The almost general mediocrity of fortune that prevails in America obliging its people to follow some business for subsistence, those vices that arise usually from idleness, are in a great measure prevented. Industry and constant employment are great preservatives of the morals and virtue of a nation. Hence bad examples to youth are more rare in America, which must be a comfortable consideration to parents. To this may be truly added, that serious religion under its various denominations, is not only tolerated, but respected and practised. Atheism is unknown there, infidelity rare and secret, so that persons may live to a great age in that country without having their piety shocked by meeting with either an atheist, or an infidel. And the Divine Being seems to have manifested his approbation of the mutual forbearance and kindness with which the different sects treat each other, by the remarkable prosperity with which he has been pleased to favor the whole country.
Benjamin Franklin, The Posthumous and Other Writings of Benjamin Franklin, vol. 1, 2nd ed. (London: Henry Colburn, 1819).
3. FROM “THE HAPPINESS OF AMERICA”
BY DAVID HUMPHREYS (1786)
American poet and author David Humphreys (1753–1818) was a 1771 Yale graduate who served as both aide-de-camp and friend to General Washington. His patriotic poems celebrate liberty and democracy and the boundless belief in the possibilities of America and its divine mission.
Thrice happy race! how blest were freedom’s heirs,
Blest if they knew what happiness is theirs,
Blest if they knew to them alone ’t is given
To know no sov’reign but the law and Heaven!
That law for them and Albion’s realms alone
On sacred justice elevates her throne,
Regards the poor, the fatherless protects,
The widow shields, the proud oppressor checks.
Blest if they knew beneath umbrageous trees
To prize the joys of innocence and ease,
Of peace, of health, of temp’rance, toil, and rest,
And the calm sun-shine of the conscious breast.
For them the spring his annual task resumes,
Invests in verdure and adorns in blooms
Earth’s parent lap and all her wanton bow’rs
In foliage fair with aromatic flow’rs.
Their fanning wings the zephyrs gently play,
And winnow blossoms from each floating spray;
In bursting buds the embryo fruits appear,
The hope and glory of the rip’ning year.
The mead that courts the scythe, the pastur’d vale,
And garden’d lawn their breathing sweets exhale;
On balmy winds a cloud of fragrance moves,
And floats the odours of a thousand groves;
For them young summer sheds a brighter day,
Matures the germe with his prolific ray,
With prospects cheers, demands more stubborn toil,
And pays their efforts from the grateful soil:
The lofty maize its ears luxurient yields,
The yellow harvests gild the laughing fields,
Extend o’er all th’ interminable plain,
And wave in grandeur like the boundless main.
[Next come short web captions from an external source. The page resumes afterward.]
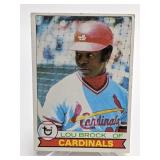 Lou Brock 1979 Topps #665 St. Louis Cardinals Lou Brock 1979 Topps #665 St. Louis Cardinals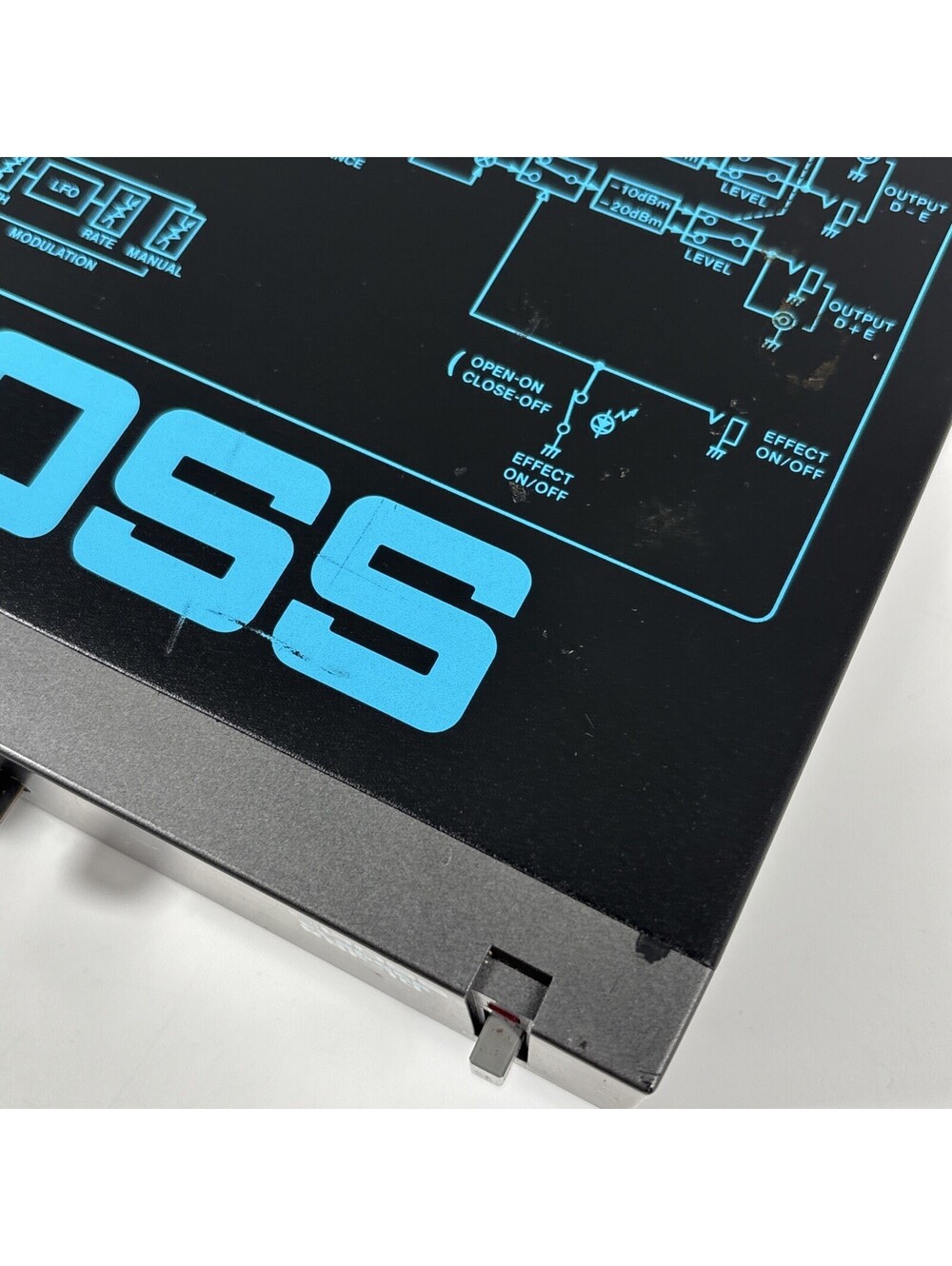 BOSS RBF-10 Flanger Micro Rack Guitar Effects Unit Untested - Picture 5 of 8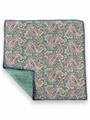 POCHETTE DOUBLE FACE 33X33 100%LANA ORLO A MANO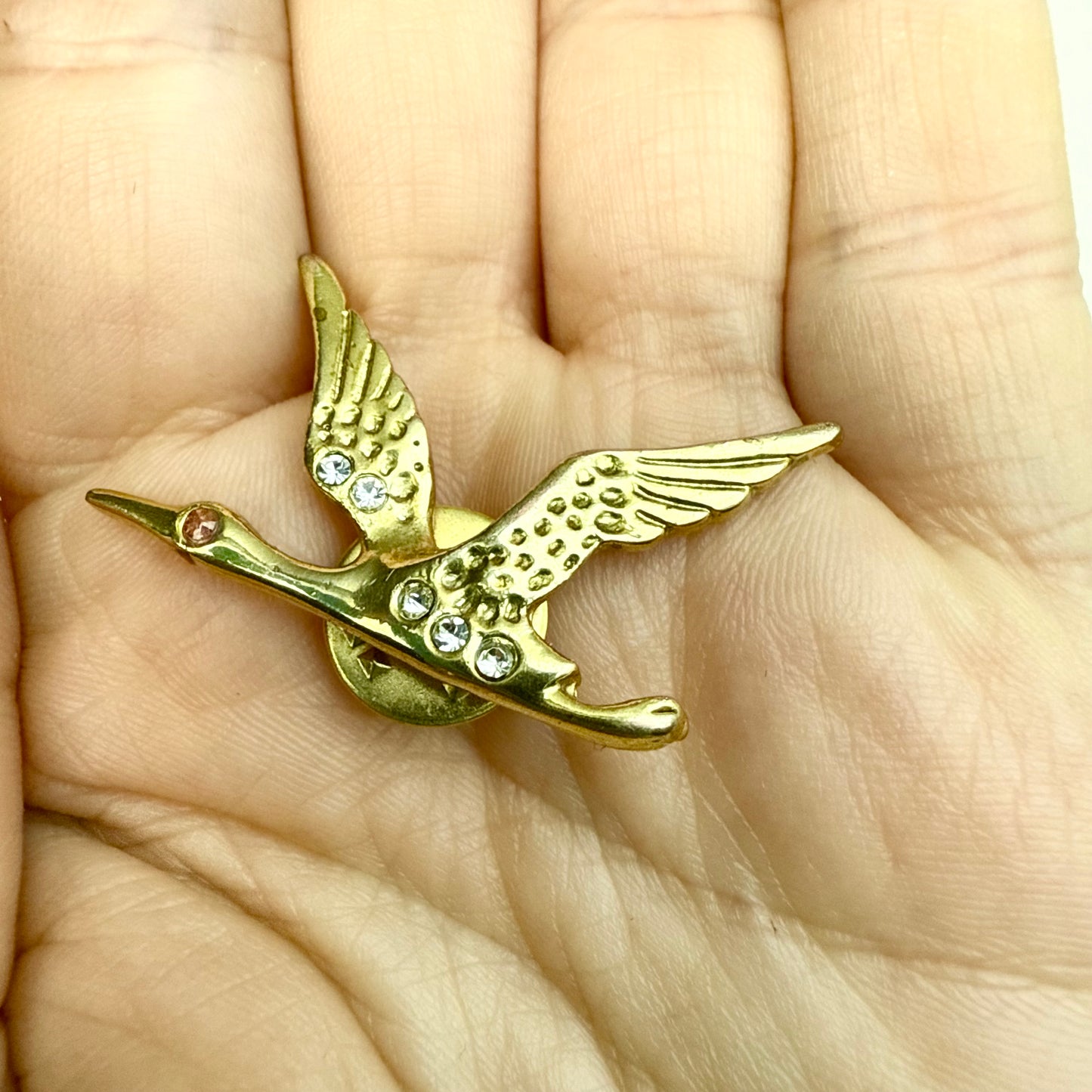 Swarovski Pin Kranich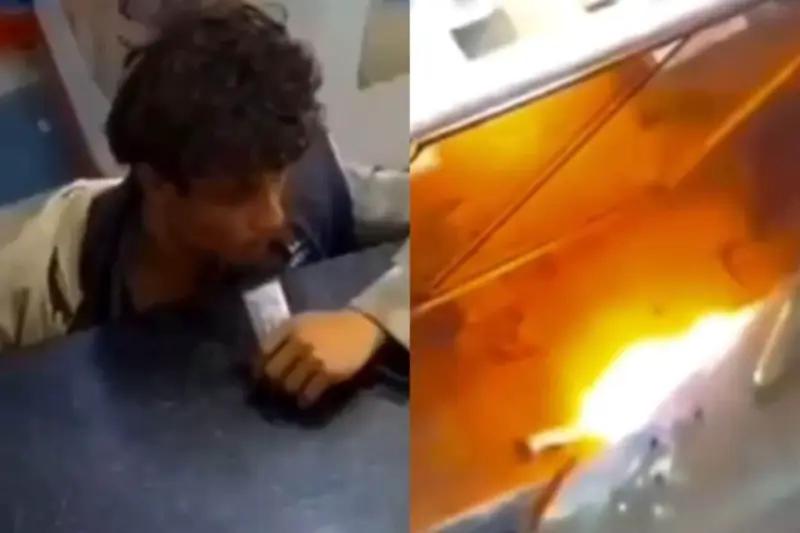 Boy, At Mobile Shop, Chews Lithium Phone Battery. Seconds Later, It Explodes Inside Mouth | Video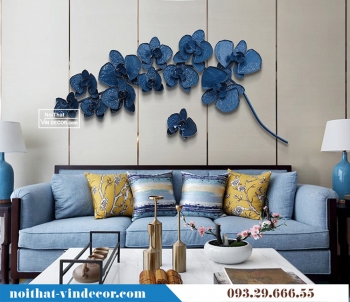 Tranh kim loại trang trí hoa lan TBB 037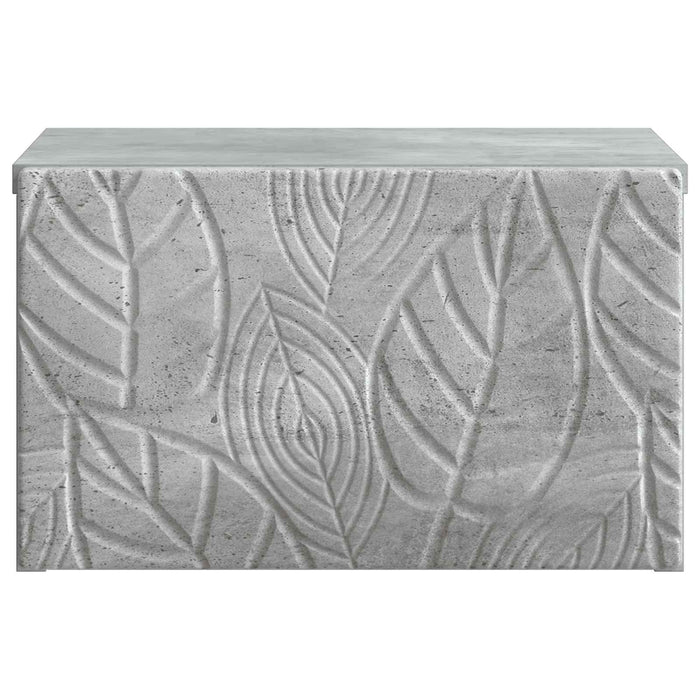 Dulap de noapte suspendat Gri Beton 49 x 34,5 x 20 cm - WALTI WALTI
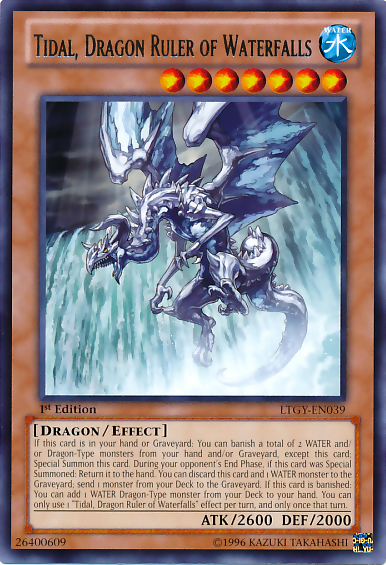 Tidal, Dragon Ruler of Waterfalls [LTGY-EN039] Rare | Pegasus Games WI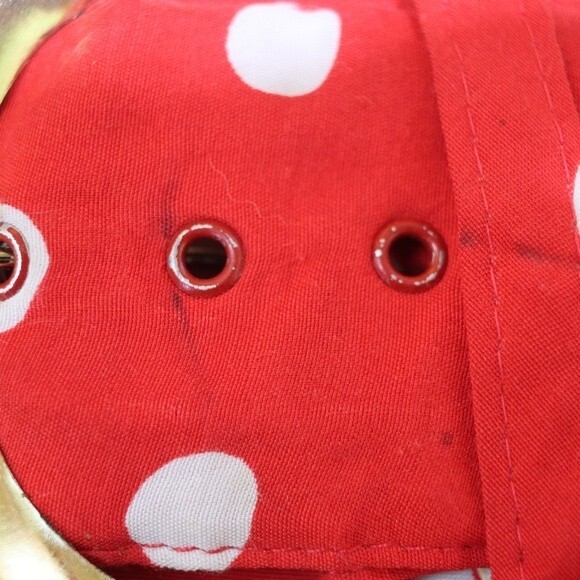 Studio LA Vintage Red & White Polka Dot Belted Pin Up Open Back Dress 10 - Picture 15 of 16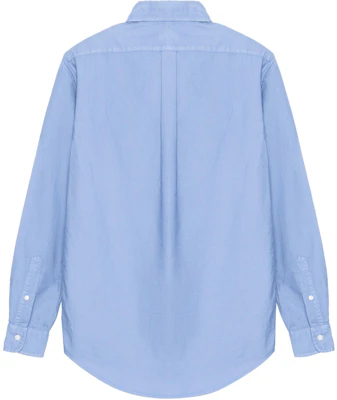 Polo Ralph Lauren 2023春夏款男士徽标刺绣牛津长袖衬衫浅蓝色 710729232-004 Lookbook Polo Ralph Lauren 2023春夏款男士徽标刺绣牛津长袖衬衫浅蓝色 710729232-004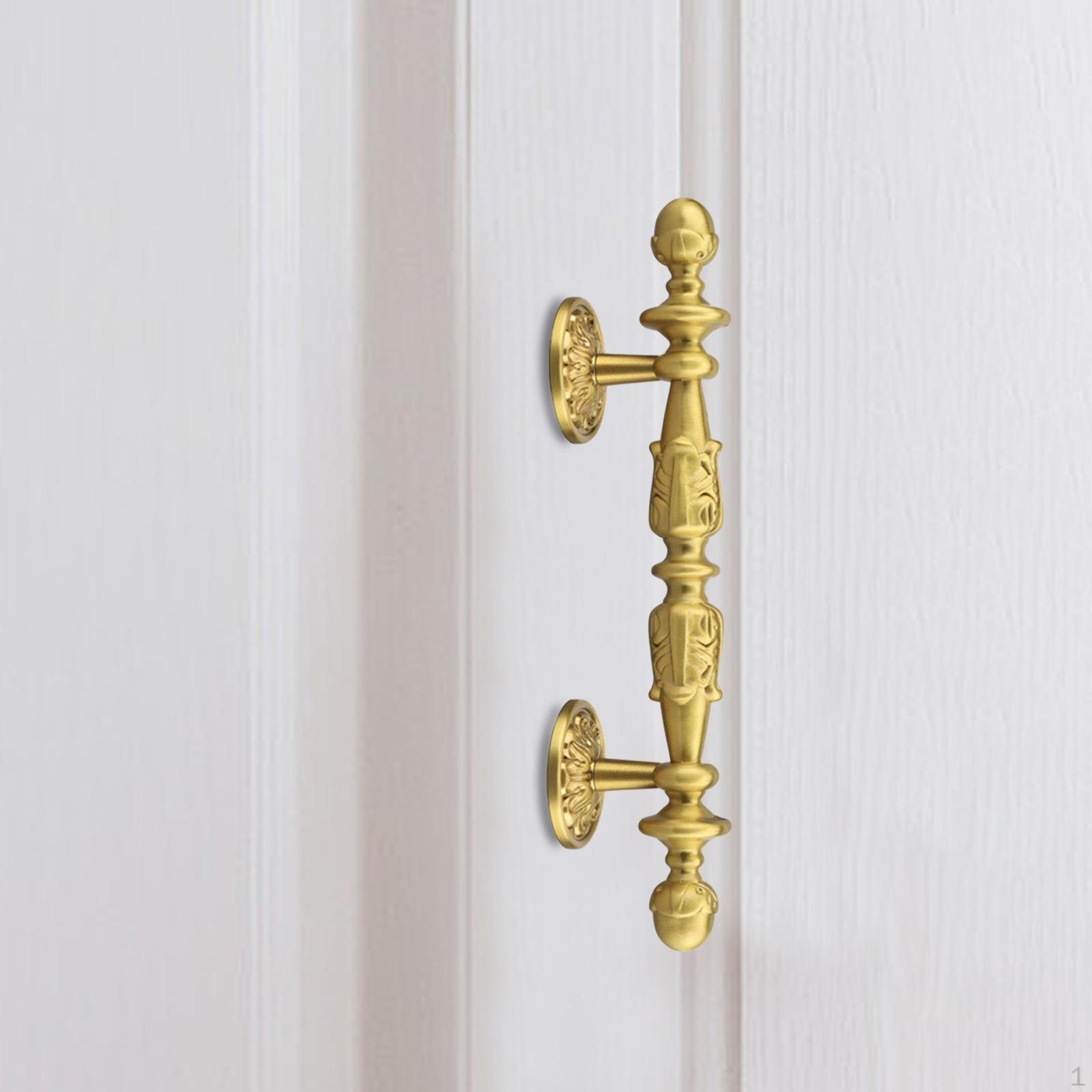 

Латунные ручки для шкафов, фурнитура в европейском стиле, гладкая Style A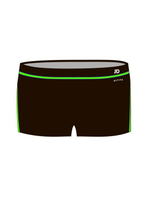 Мужские плавки-боксеры с контрастной полосой на поясе (Размер: XL) (Цвет: темно-синий)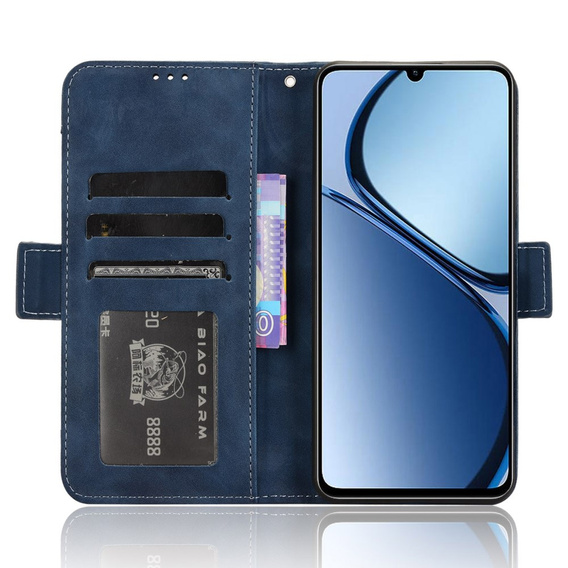 Pattintható tok a Realme C61, Card Slot, sötétkék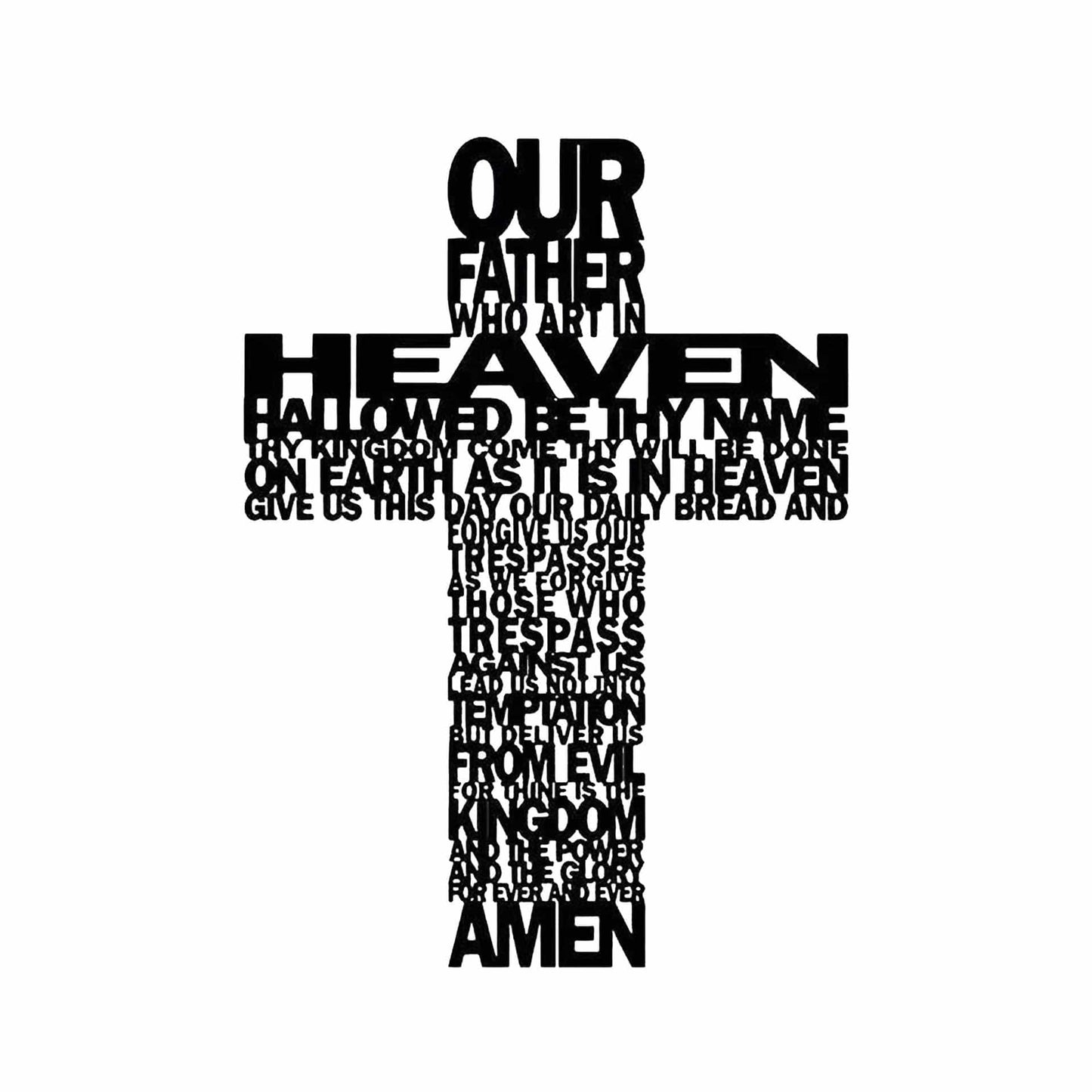 Cilifer®Jesus & Cross Design Wall Art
For them the flock o’er green savannas feeds,
For them high-prancing bound the playful steeds,
For them the heifers graze sequester’d dales,
Or pour white nectar in the brimming pails.
To them, what time the hoary frosts draw near,
Ripe autumn brings the labours of the year.
To nature’s sons how fair th’ autumnal even,
The fading landscape and impurpled heaven,
As from their fields they take their homeward way,
And turn to catch the sun’s departing ray! . . .
The cattle fed, the fuel pil’d within,
At setting day the blissful hours begin:
’T is then, sole owner of his little cot,
The farmer feels his independent lot,
Hears with the crackling blaze that lights the wall
The voice of gladness and of nature call,
Beholds his children play, their mother smile,
And tastes with them the fruit of summer’s toil.
Walter C. Bronson, ed., American Poems (1625–1892) (Chicago: University of Chicago Press, 1912).
4. THOMAS JEFFERSON ON DECENTRALIZED GOVERNMENT AND THE JUDICIARY
In his Autobiography, Thomas Jefferson remarked on the fact that the judicial branch of government should be independent of the other branches, but not independent of the people. Based on his observation that judges tend to expand their own powers, he felt they should be appointed for limited terms and that their conduct on the bench should affect their reappointments.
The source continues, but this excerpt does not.